Edifício-sede da General Motors em meio a galpões vazios: déficit da prefeitura

é de US$ 100 milhões por mês desde 2008 

 

Nesse cenário, as contas não fecham. Desde 2008, a estimativa é de que os gastos superem as receitas em US$ 100 milhões todos os meses, déficit que vem sendo coberto por meio de empréstimos crescentes. A situação é tão grave que Kevyn Orr, indicado pelo governador Snyder para ser o supervisor da situação financeira de Detroit, declarou que o total da dívida é incerto. Embora os documentos do processo de concordata digam que o buraco nas contas é de US$ 1 bilhão, o rombo pode chegar, na pior das hipóteses, a US$ 20 bilhões. A saída da concordata será tumultuada. Os servidores públicos municipais contam com aposentadoria e planos de saúde generosos, espelhados nos concedidos pelas montadoras. 

 

A redução desses benefícios aos trabalhadores da iniciativa privada foi uma das exigências do governo para ajudar as empresas automobilísticas, mas não houve um movimento semelhante para o setor público. Pior: a crônica falta de recursos deixou a prefeitura defasada em informática e com uma base de dados imprecisa, o que torna difícil aumentar a arrecadação.
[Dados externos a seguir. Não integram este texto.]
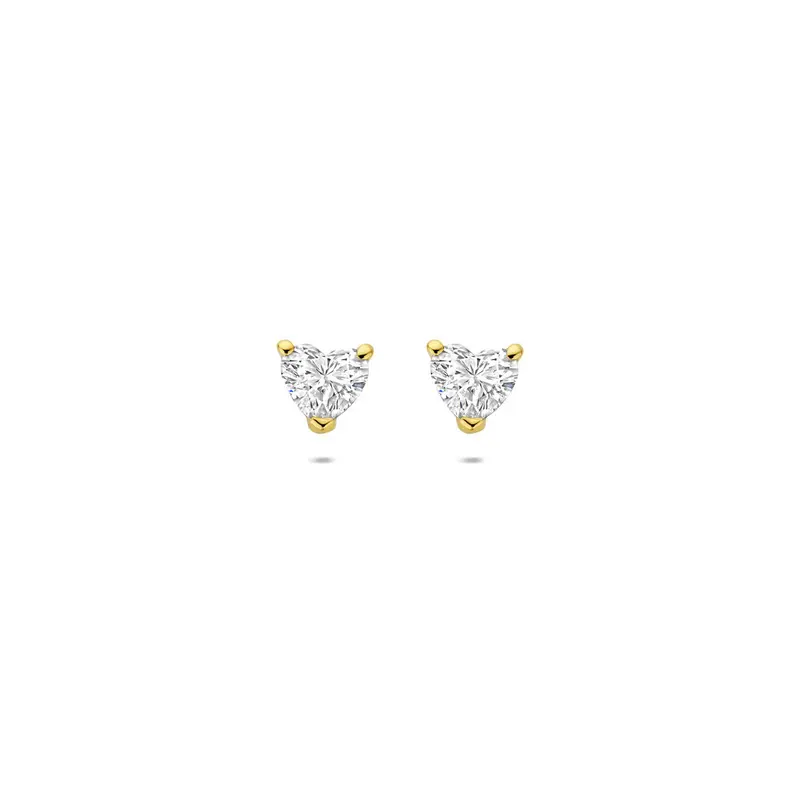 Oorbellen hartje lab grown diamant 0.60ct (2x 0.30ct) f vs 5 mm 14K geelgoud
O impacto do Chapter 9 será sentido em todo o mercado de títulos públicos municipais, conhecidos como “muni bonds”. Isentos de imposto, eles são um dos principais instrumentos de poupança de longo prazo para os investidores americanos. Segundo estatísticas do Federal Reserve, em 2011 havia US$ 3,7 trilhões desses títulos em circulação. A concordata de Detroit deverá elevar a incerteza nesse mercado, dificultando a captação de recursos por parte de outras cidades.